/Crop-Yield-Prediction

Machine learning (ML) models were engineered after processing agricultural data and Regression models were deployed to predict the yield of 4 major crops. The developed models were then compared with each other to obtain the best performing model.

Primary LanguageJupyter Notebook

Crop-Yield-Prediction 🌱

Description

Crop yield prediction remains one of the most challenging tasks in agriculture as it affects decision making at global, regional, and field levels.

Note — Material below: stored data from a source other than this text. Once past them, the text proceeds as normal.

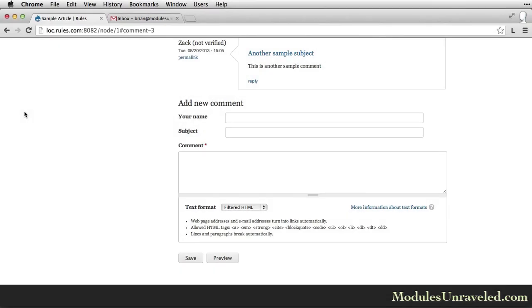In this video, we're going to create another rule that will notify the author of the comment when their comment gets a reply. We'll also add a condition that prevents it from sending an email if the user who replied to the comment is also the author of the original comment.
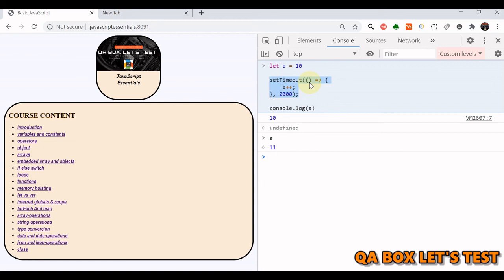That's the asynchronous nature of JavaScript, and as testers and developers, we have to understand this concept. That's about callback functions and asynchronous execution in JavaScript. Thank you so much.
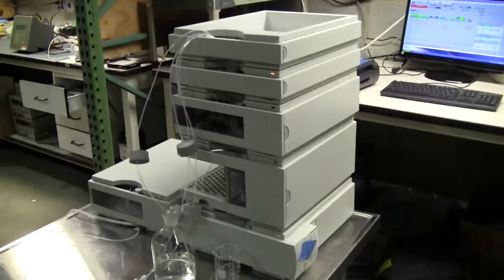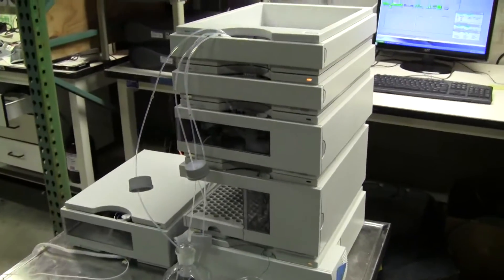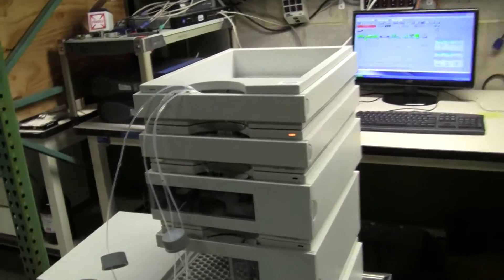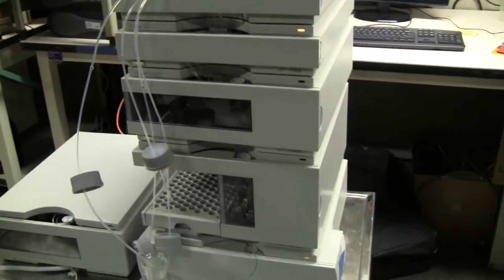Hi, this is Michael Natal from Hitech Trader. Today we're looking at an Agilent 1100 HPLC system.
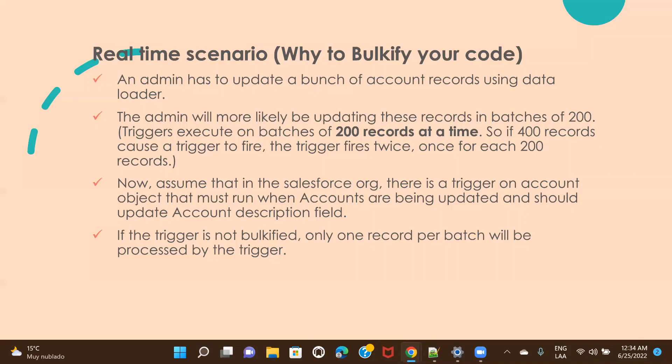With non-bulkified code that can only handle one record at a time, out of each batch of 200, only the first record gets processed and the remaining 199 do not. This same problem happens across all five batches of 200 records each, meaning only one record per batch gets processed. We should always write our code in a bulkified way so it can handle multiple records.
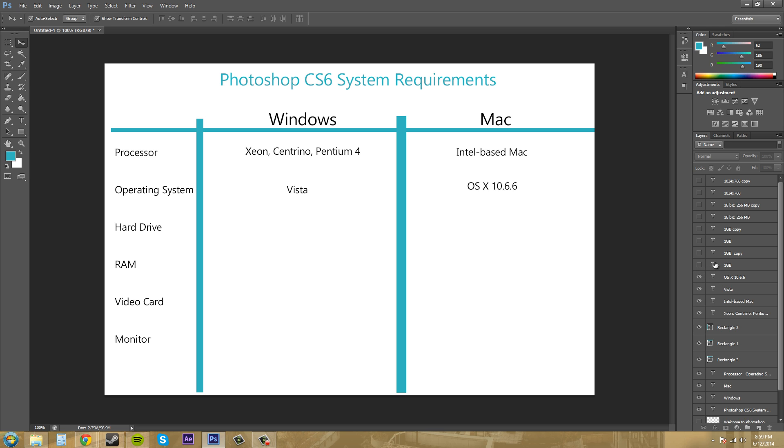For both systems, you're going to need one gigabyte available on your hard drive. Of course, you're going to want to have way more than that available because your pictures and your Photoshop files and everything like that, but this is what you need to be able to install it on your system.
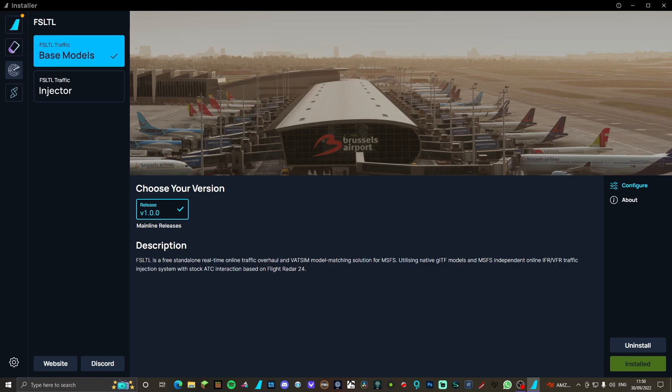But yes, without further ado, some very fun facts quickly before I go. FSLTL do have base models, so if an airliner isn't showing up correctly - for example, a Ryanair doesn't show up - it will still show up as a 737. You just won't have a livery on it, which is pretty cool because then you can still get the generic models.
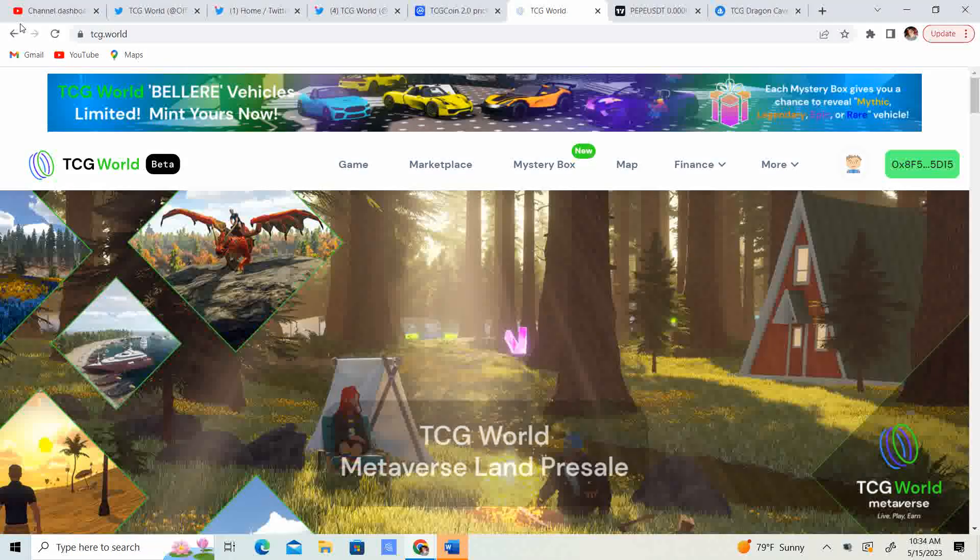Hey, welcome back to Crypto's Rich Boy. Today we're going to be talking about TCG World Metaverse, the Dragons, and TCG 2.0. But before we get started guys, go ahead and like this video, subscribe to the channel, let me know what you think in the comment section down below, and share it with your friends.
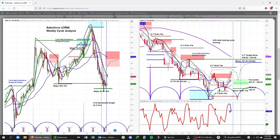Now let's walk through what we're seeing here in CRM. On the weekly time frame, which is on the left, you can see that we had an intermediate term low that was due to form. We have likely formed that low and are now getting this upturn in the weekly momentum, which does confirm that we are in this next intermediate term rising phase.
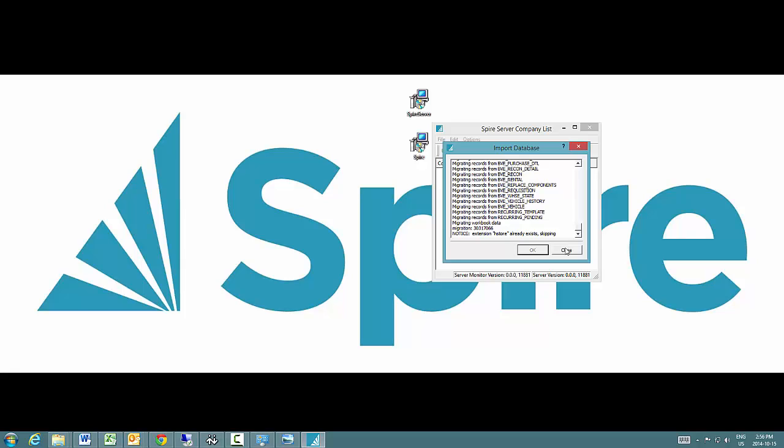Prepare for it ahead of time. Don't try to install this right when you want to show a customer. You may want to do a test conversion of their data first before you show it to them, just to see how long it actually takes. But it is fairly quick.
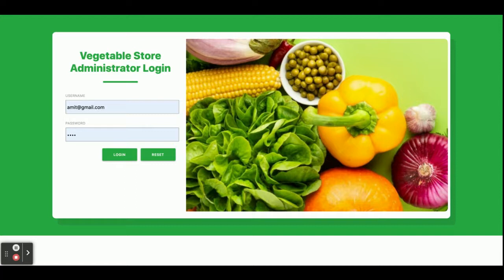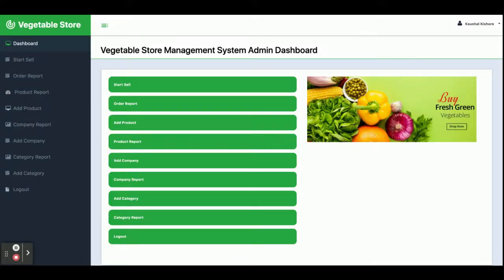This is a web-based application and it is only admin-driven — there is no customer login and no customer registration available inside this project. Once you run the 'ng serve' command you will get the home page, which is a login page. The Angular application runs on port 4200. The user ID is admin@gmail.com and the password is 'test'. Once you log in you will get the dashboard, which contains a lot of functionalities.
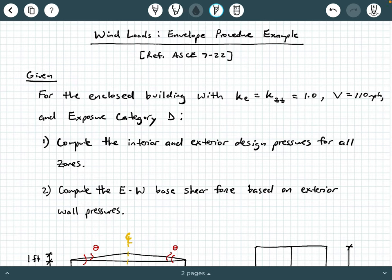Hey everybody, Dr. A here, and in this video we're going to be exploring an example of exercising the envelope procedure for calculating wind loads, and we're going to be referencing ASCE 7-22 along the way. So let's go ahead and get started.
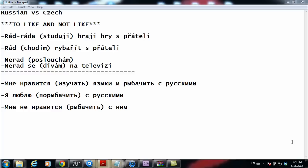For the negative — when you don't like to do something — we have 'nerad poslouchat,' which means 'I don't like listening.' But when you're being specific about a particular thing, like 'nerad se dívám na televizi,' meaning 'I don't like to watch television,' you have to add 'se' before the activity verb.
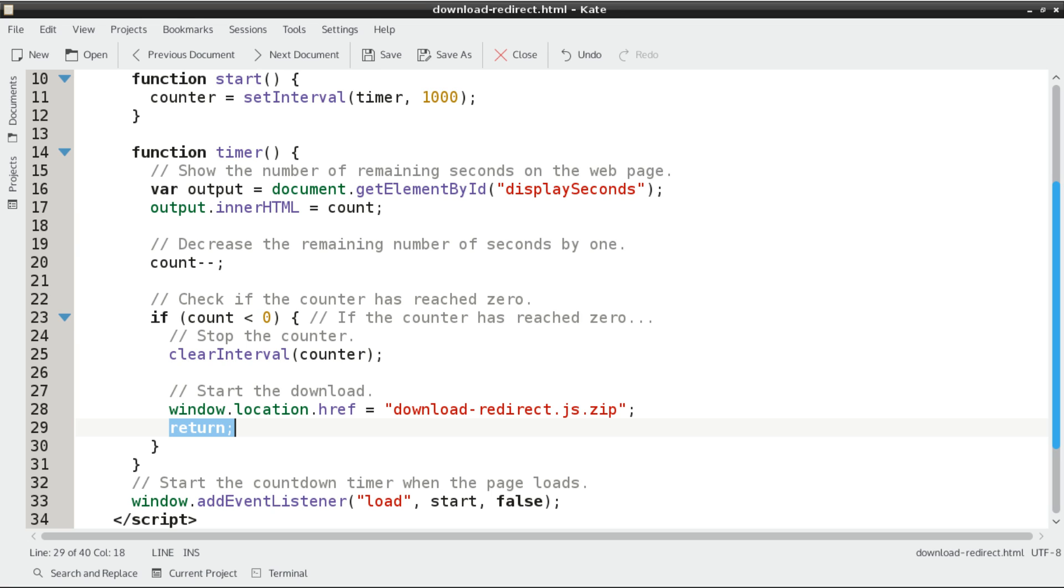The last thing we need to do, we need to add an event listener to where, when the page loads, it's going to execute that start function.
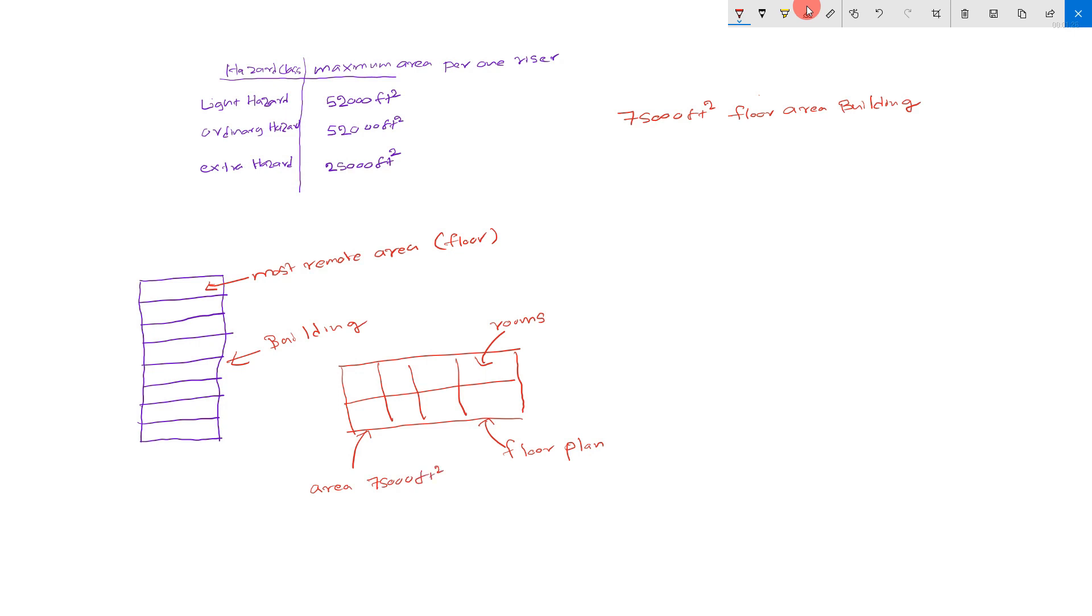According to NFPA, light hazard maximum area per one riser: 52,000 square feet. Ordinary hazard: 52,000 square feet. Extra hazard: 25,000 square feet.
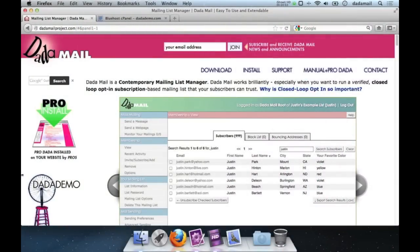Hello, this is Justin from the .amail project. In this screencast I'm going to go step-by-step on how to install .amail. To do this we're going to need a few things. I'm going to do the majority of the work through my web browser and have a text editor open just to take notes. We won't be editing configuration files because to install .amail you don't need to.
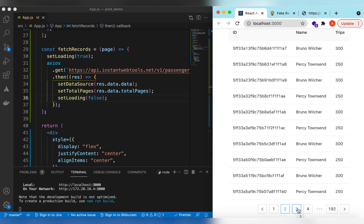That's it on exploring pagination and fetching data from the server using Ant Design table pagination. If you still have any questions please let me know in the comments below. If you learned something in this video please hit like and subscribe to my channel — see you in the next video, thank you.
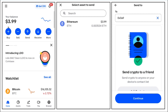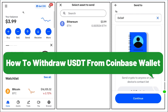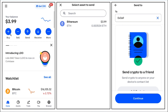Hello everyone, welcome back. In this video I will show you how to withdraw USDT from Coinbase Wallet. To do this, you first have to launch your Coinbase Wallet, and once you are on the home page you need to tap on the Send button at the top.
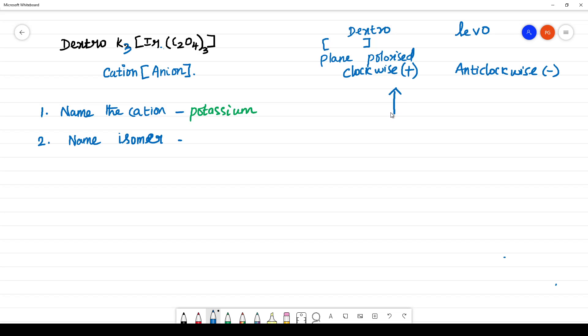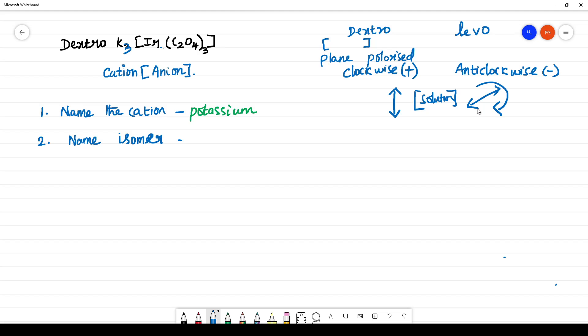That means if you are passing light through the solution, if this light turned like this, that means it rotated clockwise, we call it as dextro. If the light rotated like this, that means anticlockwise, we call it levo.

The prediction of crop yield is based on several factors such as soil, meteorological, environmental, and crop parameters. Due to the colossal effect agriculture has on the economy of the country, data-driven prediction models need to be developed. Against this background, machine learning (ML) models were engineered after processing agricultural data and Regression models were deployed to predict the yield. The developed models were then compared with each other to obtain the best performing model.

Dataset

The yield data with corresponding fertilizer usage and export quantity data obtained from the FAOSTAT database was combined with pertaining to the climatic conditions of each year, obtained from Climate Change Knowledge portal and 4 features, namely - Precipitation, Temperature (avg), Export Quantity, and Fertilizer Used were used to train the ML models.

ML Models

In order to predict the crop yield for each crop, regression models were deployed, whose task is the prediction of the dependent variable with the help of other independent variables. Keeping ‘Crop’ as the ground truth value along with the 4 feature columns, five regression models, namely - Multivariate Linear Regression, Shrinkage methods (Ridge and Lasso regression), k-nearest neighbors, Decision Tree and Artificial Neural Networks were trained.

Against the optimum performance standards for this task, after observation and evaluation of the metrics of the regressors, Decision Tree regressor exhibited best performance.

The analysis thus retrieved can be used as a basic prototype by the agricultural industry for further research by using better data, advanced pre-processing techniques and machine learning models.